The above two scenarios can cause IMA log to grow and consume Kernel memory.

In addition, a large IMA log can add pressure on the network bandwidth when
the attestation client sends it to remote-attestation-service.

Truncating IMA log to reclaim memory is not feasible, since it makes the 
log go
out of sync with the TPM PCR quote making remote attestation fail.

A sophisticated solution is required which will help relieve the memory
pressure on the device and continue supporting remote attestation without
disruptions.

-------------------------------------------------------------------------------
================================================
| B. Proposed Solution                         |
================================================
In this document, we propose an enhancement to the IMA subsystem to improve
the long-running performance by snapshotting the IMA log, while still
providing mechanisms to verify its integrity using the PCR quotes.

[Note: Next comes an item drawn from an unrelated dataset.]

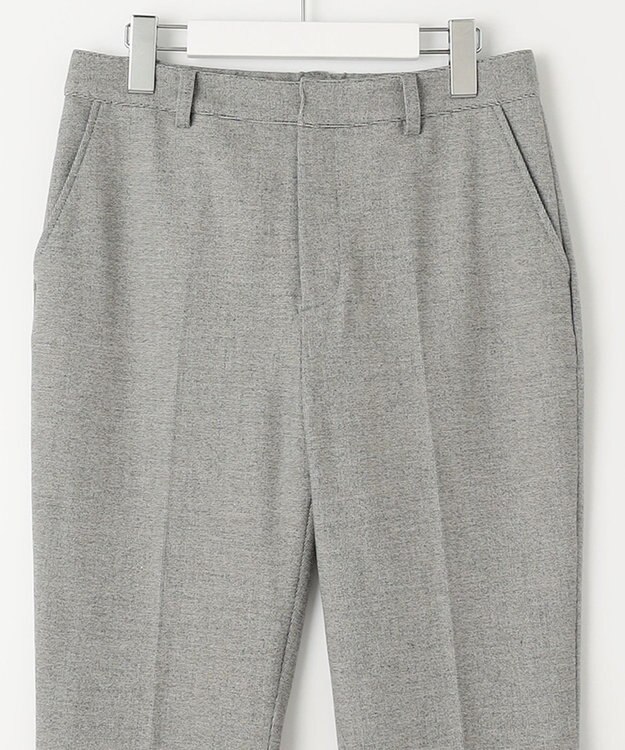 J.PRESS LADIES 【洗える】チェルビック テーパード パンツ ライトグレー系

The remainder of the document describes details of the proposed solution 
in the
following sub-sections.
  - High-level Work-flow
  - Snapshot Triggering Mechanism
  - Design Choices for Storing Snapshots
  - Attestation-Client and Remote-Attestation-Service Side Changes
  - Example Walk-through
  - Open Questions

-------------------------------------------------------------------------------
================================================
| B.1 High-level Work-flow                     |
================================================
Pre-requisites:
- IMA Integrity guarantees are maintained.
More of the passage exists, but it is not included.